Consider a cryptosystem which depends on a parameter $n$ tending to infinity. Analyze the security of the cryptosystem in terms of the asymptotic complexity of breaking it.

The asymptotic complexity doesn't depend too much on the exact hardware (as long as it's not a quantum computer); if next year a new CPU is revealed running 10 times as fast, a system that requires $O(2^n)$ time for breaking will still require $O(2^n)$ time for breaking. Moreover, we make the following assumption:

An algorithm runs "fast" if it runs in polynomial time (in $n$).

Polynomial time is a natural class for many reasons, the reason here being that it is the smallest class which is closed under function composition and contains superlinear functions. Putting both ideas together, we get:

A cryptosystem depending on a parameter $n$ is secure if it cannot be broken in time polynomial in $n$.

Here $n$ should be a reasonable parameter. One way of enforcing it is to require the encryption procedure to run in polynomial time in $n$.

This definition has led to a beautiful theory of theoretical cryptography. However, in practice polynomial time is not such a good notion, especially in cryptography, for two reasons:

  • Polynomial time could be very slow in practical. For example, an encryption procedure running in time $O(n^{10})$ or $10^{10} n$ is not practical.

  • Super-polynomial time could be practical, depending on the value of $n$. For example, $2^{n/2}$ is very practical for $n = 64$.

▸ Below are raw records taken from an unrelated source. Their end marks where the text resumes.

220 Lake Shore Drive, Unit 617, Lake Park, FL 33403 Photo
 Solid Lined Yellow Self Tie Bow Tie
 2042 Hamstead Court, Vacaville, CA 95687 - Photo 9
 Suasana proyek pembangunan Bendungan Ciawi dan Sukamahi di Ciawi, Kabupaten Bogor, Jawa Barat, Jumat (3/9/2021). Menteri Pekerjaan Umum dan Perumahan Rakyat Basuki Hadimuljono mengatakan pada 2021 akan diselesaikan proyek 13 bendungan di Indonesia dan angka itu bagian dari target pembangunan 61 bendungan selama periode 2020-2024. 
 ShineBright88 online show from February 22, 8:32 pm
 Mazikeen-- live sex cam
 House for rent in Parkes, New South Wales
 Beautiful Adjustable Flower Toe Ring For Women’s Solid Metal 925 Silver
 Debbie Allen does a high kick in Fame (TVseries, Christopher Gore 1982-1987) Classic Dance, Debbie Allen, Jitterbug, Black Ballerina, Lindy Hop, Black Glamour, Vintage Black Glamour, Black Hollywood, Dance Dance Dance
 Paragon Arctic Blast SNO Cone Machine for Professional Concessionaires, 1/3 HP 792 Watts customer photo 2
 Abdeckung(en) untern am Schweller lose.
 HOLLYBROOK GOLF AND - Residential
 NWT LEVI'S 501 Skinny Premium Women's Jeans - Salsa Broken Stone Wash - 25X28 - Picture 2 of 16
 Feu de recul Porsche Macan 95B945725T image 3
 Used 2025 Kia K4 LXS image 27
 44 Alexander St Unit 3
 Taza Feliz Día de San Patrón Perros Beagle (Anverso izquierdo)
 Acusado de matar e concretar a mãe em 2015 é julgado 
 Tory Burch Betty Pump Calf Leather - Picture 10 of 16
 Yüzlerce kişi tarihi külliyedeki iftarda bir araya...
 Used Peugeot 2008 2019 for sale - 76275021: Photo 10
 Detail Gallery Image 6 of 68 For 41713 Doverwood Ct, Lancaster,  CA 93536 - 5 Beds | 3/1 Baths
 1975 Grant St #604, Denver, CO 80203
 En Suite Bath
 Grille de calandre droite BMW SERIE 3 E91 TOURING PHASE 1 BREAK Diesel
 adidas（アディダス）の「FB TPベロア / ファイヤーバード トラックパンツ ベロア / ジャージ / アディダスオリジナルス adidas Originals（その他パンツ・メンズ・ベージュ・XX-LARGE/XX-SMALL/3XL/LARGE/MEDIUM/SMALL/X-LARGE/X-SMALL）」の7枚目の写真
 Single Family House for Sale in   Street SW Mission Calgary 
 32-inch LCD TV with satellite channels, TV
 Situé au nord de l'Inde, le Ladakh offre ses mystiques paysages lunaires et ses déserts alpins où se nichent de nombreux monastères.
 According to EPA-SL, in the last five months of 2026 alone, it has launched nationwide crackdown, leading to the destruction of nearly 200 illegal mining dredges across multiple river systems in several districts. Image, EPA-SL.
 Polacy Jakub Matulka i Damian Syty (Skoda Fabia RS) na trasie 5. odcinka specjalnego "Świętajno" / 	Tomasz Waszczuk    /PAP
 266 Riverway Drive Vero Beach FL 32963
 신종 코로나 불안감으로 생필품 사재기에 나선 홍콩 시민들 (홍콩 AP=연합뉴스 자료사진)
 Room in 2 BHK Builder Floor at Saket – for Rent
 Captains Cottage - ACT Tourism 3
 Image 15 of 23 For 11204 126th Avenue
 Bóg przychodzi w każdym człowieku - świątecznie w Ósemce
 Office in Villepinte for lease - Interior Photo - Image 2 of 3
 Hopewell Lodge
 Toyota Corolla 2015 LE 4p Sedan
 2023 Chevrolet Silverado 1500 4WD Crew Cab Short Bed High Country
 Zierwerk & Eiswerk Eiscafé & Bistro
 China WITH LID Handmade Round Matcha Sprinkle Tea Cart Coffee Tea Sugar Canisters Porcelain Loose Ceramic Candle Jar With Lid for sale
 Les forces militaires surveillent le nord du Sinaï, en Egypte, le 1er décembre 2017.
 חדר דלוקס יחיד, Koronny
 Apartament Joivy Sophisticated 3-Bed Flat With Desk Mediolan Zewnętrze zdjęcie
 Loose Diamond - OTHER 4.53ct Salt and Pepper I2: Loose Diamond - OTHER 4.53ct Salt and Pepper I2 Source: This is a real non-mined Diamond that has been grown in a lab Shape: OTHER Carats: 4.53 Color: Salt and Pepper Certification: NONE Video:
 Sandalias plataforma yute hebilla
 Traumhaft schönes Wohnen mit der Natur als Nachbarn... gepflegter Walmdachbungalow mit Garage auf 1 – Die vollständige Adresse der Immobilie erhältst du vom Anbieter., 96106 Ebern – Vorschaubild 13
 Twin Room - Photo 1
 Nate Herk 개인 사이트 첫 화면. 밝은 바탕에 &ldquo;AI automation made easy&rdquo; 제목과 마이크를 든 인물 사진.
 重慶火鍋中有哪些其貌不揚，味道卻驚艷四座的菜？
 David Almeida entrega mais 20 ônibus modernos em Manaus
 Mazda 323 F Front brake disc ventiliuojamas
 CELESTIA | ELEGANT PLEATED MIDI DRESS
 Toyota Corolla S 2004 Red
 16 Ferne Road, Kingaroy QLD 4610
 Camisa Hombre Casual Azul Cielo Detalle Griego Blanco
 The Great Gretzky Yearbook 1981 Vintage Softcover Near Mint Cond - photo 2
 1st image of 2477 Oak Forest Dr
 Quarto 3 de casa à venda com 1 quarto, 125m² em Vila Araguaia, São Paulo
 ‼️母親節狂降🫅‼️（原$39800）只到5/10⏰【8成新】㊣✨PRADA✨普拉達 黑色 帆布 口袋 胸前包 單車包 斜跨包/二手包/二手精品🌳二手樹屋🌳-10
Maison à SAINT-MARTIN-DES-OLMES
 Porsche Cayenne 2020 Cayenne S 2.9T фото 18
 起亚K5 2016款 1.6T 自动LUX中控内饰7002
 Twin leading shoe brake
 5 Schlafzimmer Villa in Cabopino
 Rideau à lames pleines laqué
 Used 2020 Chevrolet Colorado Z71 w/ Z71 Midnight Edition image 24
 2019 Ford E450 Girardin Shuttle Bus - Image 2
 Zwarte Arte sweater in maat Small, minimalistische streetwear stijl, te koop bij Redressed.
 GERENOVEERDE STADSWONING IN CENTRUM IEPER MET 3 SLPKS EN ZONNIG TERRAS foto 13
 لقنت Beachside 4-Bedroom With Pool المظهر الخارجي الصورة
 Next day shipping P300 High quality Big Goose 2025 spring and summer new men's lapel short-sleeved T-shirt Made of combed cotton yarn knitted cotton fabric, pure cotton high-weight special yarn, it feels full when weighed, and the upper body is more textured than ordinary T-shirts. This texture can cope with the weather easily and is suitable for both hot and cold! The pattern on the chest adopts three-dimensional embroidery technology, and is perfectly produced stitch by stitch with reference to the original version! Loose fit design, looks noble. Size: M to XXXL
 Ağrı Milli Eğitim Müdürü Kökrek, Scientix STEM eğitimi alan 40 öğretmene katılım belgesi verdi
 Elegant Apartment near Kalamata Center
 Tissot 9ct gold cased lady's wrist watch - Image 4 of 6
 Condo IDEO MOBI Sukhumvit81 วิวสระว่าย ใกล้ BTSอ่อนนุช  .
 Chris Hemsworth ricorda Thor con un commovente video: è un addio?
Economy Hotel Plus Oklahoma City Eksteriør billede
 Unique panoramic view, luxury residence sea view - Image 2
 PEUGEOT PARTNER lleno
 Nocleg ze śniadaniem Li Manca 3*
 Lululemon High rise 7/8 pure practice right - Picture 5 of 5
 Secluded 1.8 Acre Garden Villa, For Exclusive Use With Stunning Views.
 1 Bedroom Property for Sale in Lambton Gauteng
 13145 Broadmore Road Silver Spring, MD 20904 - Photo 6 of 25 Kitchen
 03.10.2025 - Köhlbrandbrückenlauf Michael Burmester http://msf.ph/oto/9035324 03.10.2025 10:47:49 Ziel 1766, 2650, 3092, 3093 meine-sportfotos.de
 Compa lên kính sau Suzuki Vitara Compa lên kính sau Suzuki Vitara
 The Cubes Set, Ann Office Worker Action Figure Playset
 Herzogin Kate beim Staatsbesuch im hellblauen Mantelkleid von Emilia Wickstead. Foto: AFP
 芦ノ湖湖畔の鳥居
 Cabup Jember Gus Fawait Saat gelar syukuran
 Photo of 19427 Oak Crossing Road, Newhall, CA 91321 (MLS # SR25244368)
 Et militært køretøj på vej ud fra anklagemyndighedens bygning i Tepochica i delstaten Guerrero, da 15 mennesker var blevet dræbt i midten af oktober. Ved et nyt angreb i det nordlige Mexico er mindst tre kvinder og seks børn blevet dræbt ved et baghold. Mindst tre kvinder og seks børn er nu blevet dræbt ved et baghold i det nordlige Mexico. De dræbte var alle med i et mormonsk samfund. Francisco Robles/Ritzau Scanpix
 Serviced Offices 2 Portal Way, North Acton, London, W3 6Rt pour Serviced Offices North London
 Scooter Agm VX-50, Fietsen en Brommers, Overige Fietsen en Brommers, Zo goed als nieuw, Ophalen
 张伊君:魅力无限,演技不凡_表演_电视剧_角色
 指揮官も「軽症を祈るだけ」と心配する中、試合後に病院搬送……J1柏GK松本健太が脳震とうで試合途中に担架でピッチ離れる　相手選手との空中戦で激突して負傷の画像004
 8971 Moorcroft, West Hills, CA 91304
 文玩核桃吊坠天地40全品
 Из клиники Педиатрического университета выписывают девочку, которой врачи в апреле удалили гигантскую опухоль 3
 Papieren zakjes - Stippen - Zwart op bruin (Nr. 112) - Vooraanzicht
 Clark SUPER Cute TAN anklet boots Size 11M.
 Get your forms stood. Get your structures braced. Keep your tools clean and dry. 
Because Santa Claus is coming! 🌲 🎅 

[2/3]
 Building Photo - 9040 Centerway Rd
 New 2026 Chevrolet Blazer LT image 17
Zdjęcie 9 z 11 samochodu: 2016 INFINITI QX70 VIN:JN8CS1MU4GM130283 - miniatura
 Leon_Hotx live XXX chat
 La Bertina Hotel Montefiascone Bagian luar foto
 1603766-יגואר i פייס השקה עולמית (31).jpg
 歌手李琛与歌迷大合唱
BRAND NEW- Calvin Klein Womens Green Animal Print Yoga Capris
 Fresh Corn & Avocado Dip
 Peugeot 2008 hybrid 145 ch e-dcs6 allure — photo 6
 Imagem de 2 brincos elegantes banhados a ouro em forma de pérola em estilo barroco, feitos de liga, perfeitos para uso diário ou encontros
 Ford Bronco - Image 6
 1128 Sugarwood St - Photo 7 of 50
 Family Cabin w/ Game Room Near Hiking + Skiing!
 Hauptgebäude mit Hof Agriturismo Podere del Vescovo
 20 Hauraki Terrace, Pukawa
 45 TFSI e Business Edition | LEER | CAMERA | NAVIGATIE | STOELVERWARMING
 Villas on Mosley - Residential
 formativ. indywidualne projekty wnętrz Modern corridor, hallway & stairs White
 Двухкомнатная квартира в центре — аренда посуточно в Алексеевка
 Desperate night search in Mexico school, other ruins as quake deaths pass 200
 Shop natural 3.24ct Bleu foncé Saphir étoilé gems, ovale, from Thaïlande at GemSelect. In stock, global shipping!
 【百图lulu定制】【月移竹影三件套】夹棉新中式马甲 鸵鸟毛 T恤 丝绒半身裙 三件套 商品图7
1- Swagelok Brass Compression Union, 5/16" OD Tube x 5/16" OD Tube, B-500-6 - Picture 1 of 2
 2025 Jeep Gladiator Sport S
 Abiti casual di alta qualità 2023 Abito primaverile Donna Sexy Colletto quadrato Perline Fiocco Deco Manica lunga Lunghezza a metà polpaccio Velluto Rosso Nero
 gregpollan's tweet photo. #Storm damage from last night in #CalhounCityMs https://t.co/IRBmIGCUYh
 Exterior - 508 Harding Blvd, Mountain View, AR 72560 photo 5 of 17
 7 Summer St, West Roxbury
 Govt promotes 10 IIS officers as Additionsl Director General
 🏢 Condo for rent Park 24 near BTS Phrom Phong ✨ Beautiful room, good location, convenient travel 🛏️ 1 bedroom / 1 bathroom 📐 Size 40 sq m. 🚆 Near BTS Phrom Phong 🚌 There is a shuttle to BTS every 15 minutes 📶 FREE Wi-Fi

In applied cryptography, therefore, one tries to give running time estimates for a particular system (a particular setting of $n$) which is not asymptotic. Usually one calculates the number of "basic operations", a concept which is not defined precisely but is a better proxy than asymptotic complexity. When possible, actual simulations are run to show that the cryptosystem can be broken with weakened parameters, and to extrapolate the time it takes to break the full cryptosystem.

One problem with this approach is that it is going to be very difficult to prove that a system is secure. While this is true even for theoretical cryptography (we cannot prove the security of any cryptosystem), here it is seems that the best one can do is try to break the system and fail; proving a meaningful lower bound is probably too much to ask for.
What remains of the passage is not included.